● What to work on
For this exercise, the lines from the one with "Pack With 30" through the end of the material below must be output exactly, without pictures.

● Records provided
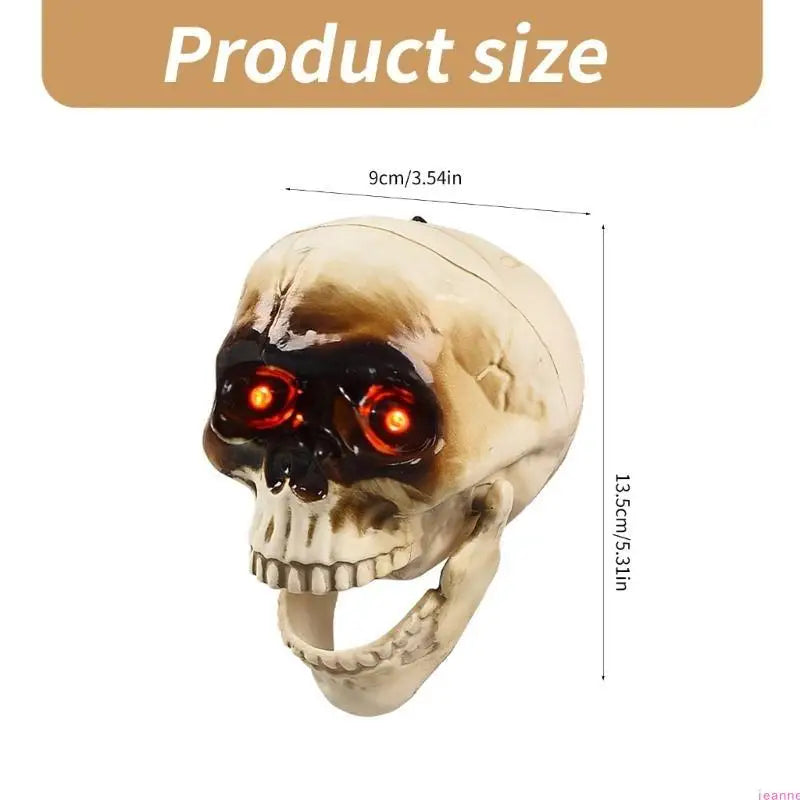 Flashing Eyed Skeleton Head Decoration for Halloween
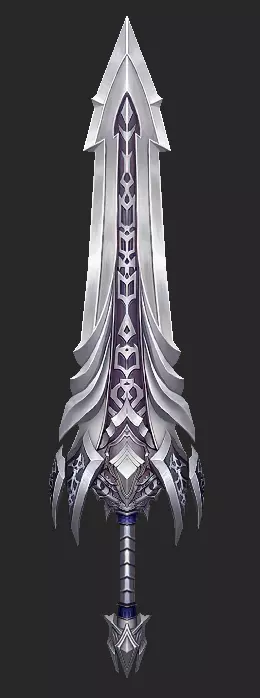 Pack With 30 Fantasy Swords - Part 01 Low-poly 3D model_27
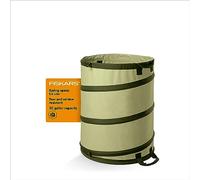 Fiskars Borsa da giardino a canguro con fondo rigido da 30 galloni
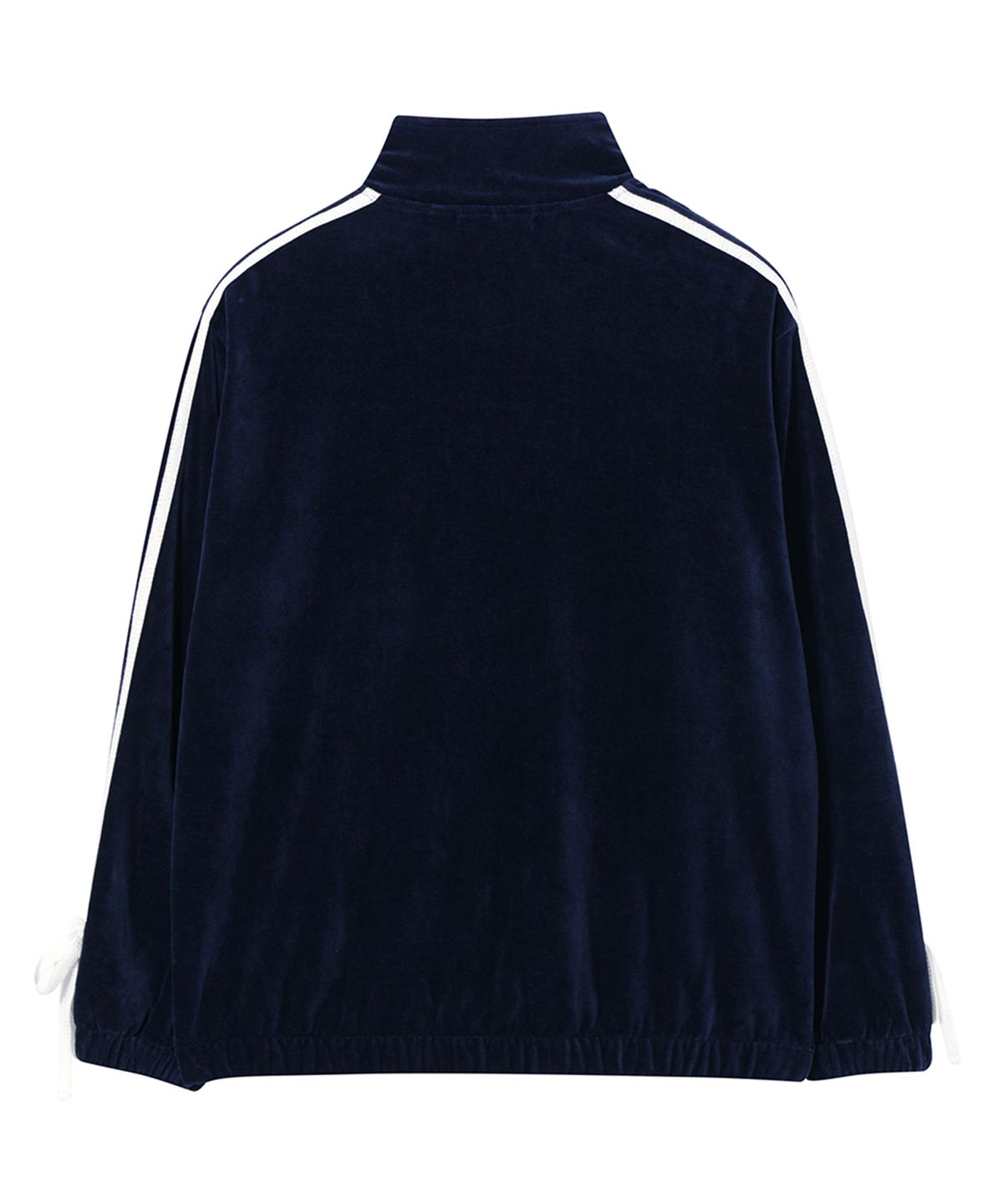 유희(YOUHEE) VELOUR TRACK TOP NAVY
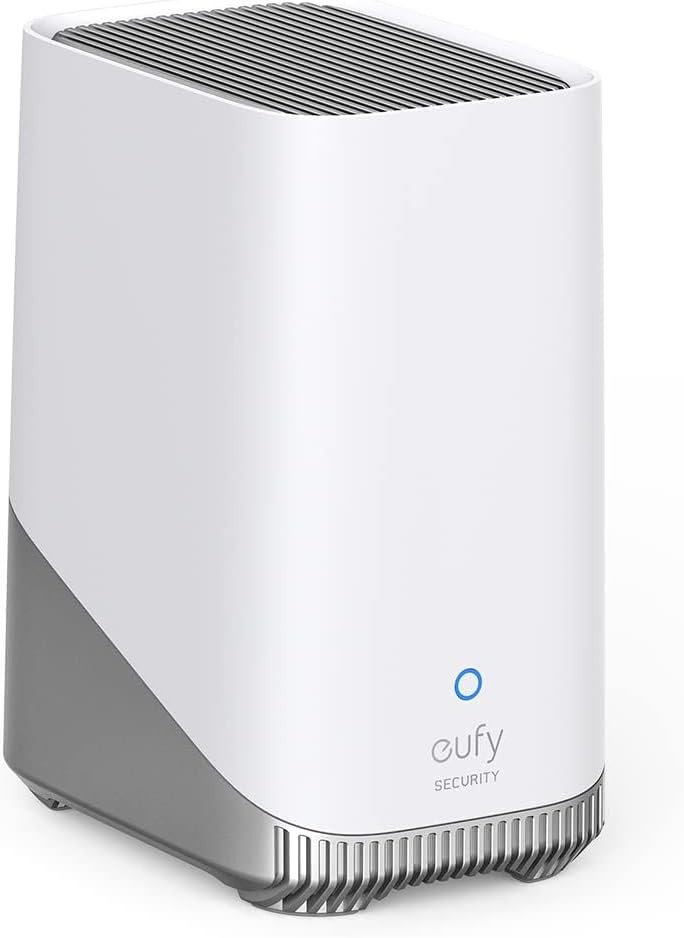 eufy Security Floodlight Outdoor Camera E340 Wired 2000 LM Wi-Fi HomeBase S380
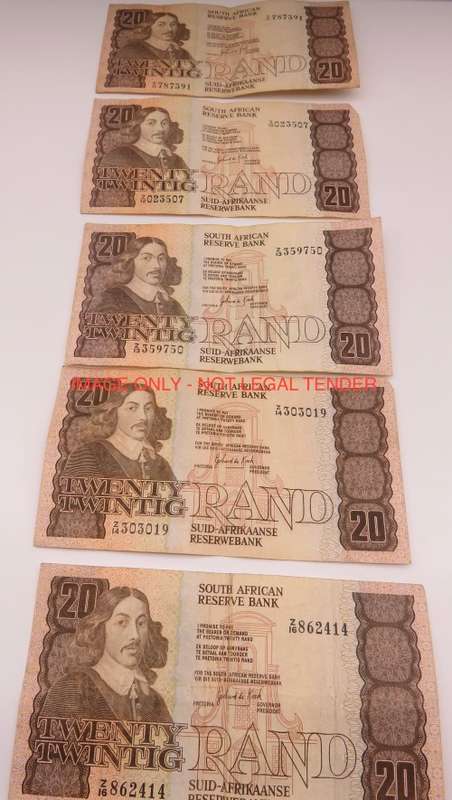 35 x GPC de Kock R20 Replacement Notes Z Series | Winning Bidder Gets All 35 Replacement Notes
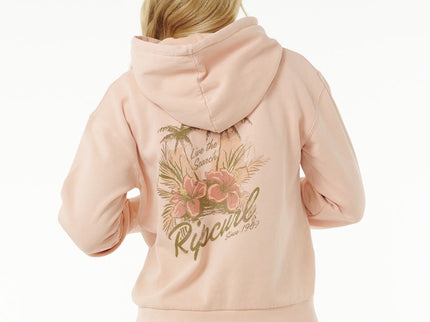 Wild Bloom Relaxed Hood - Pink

● Answer section
 Pack With 30 Fantasy Swords - Part 01 Low-poly 3D model_27
 Fiskars Borsa da giardino a canguro con fondo rigido da 30 galloni
 유희(YOUHEE) VELOUR TRACK TOP NAVY
 eufy Security Floodlight Outdoor Camera E340 Wired 2000 LM Wi-Fi HomeBase S380
 35 x GPC de Kock R20 Replacement Notes Z Series | Winning Bidder Gets All 35 Replacement Notes
 Wild Bloom Relaxed Hood - Pink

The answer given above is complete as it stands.